Faire du budget de l’Etat une meilleure arme contracyclique

Publié le 15 mars 2019 à 17h33

François Meunier

S’il devait advenir aujourd’hui une récession marquée, les autorités monétaires apparaîtraient singulièrement désarmées, particulièrement en zone euro : les taux sont déjà proches de zéro, le bilan de la BCE déjà bien ballonné, et, à moins d’une inventivité nouvelle, on voit mal quels nouveaux instruments monétaires pourraient rendre vigueur à l’économie.

C’est d’ailleurs le message répété des banquiers centraux qui renvoient les gouvernements à leur responsabilité : ce sera à vous cette fois, disent-ils, de faire le travail contracyclique, via la politique budgétaire.

Mais l’expérience montre une limite fréquente à l’action par les dépenses ou les recettes publiques. Toute mesure budgétaire prend du temps à jouer sur l’économie, un temps qui n’est pas celui du cycle conjoncturel. Une récession prend entre deux et quatre trimestres à se développer, ce qui est un temps terriblement plus court que la mise en œuvre d’un projet d’investissement public. Les gouvernements sont alors devant le dilemme de faire de la «bonne» dépense publique, typiquement des projets d’investissement ou d’infrastructure, mais qui demandent un temps long d’études techniques et de compromis politiques avant la mise en œuvre ; ou de la «mauvaise» dépense publique, typiquement les classiques crédits d’impôt, mais uniquement parce qu’elle est censée agir plus vite. Et même le plus vite ne suffit pas toujours : les délais d’action sur la demande de l’instrument fiscal sont passablement longs et risquent de n’agir pleinement qu’au moment où l’économie est déjà repartie. Non seulement une telle dépense publique ne stabilise pas, mais elle peut accroître l’intensité du cycle.

Y aurait-il un moyen institutionnel de combiner de tels bons projets de dépense publique avec l’agilité requise pour en faire un instrument de réglage conjoncturel ?
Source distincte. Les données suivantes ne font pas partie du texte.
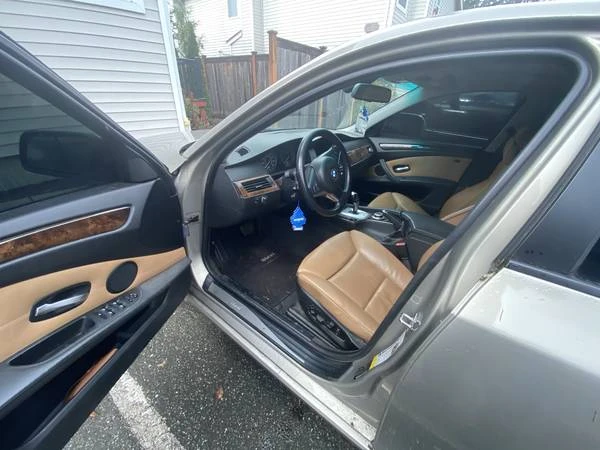 2008 BMW E60 5 Series Sedan - Image 2 of 5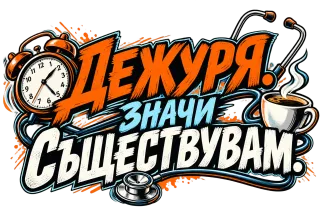Дежуря, значи съществувам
Une solution pourrait être de séparer clairement le temps des décisions et études techniques du temps de la réalisation physique. Autrement dit, l’Etat et peut-être certaines collectivités locales, lanceraient concrètement les études de faisabilité des projets, aplaniraient les contraintes financières et juridiques, les classeraient par ordre de priorité, pour ensuite… les garder sous le coude. On estime en général à 5 à 7 % les coûts préparatoires à un projet d’infrastructure, avant d’actionner toute pelleteuse. Ces projets seraient en quelque sorte prêts à la pelleteuse, pour reprendre en français le terme de shovel-ready utilisé en anglais.

L’idée n’est pas neuve. On en trouve des premières expressions aux Etats-Unis dans un discours du président Coolidge en 1927. Le très important programme autoroutier américain sous la présidence d’Eisenhower a duré 13 ans et, avec ses près de 70 000 km, restera pendant longtemps le plus grand projet d’infrastructure de l’histoire du pays. On y avait introduit dès l’origine l’idée d’un cadencement selon les besoins contracycliques de l’économie, inconnus évidemment au moment de la décision. On peut citer aussi un discours où le président Obama évoque le sujet, en liant d’ailleurs cette notion à un projet de grande banque publique d’investissement, analogue à la BEI européenne, qui n’a pas vu le jour.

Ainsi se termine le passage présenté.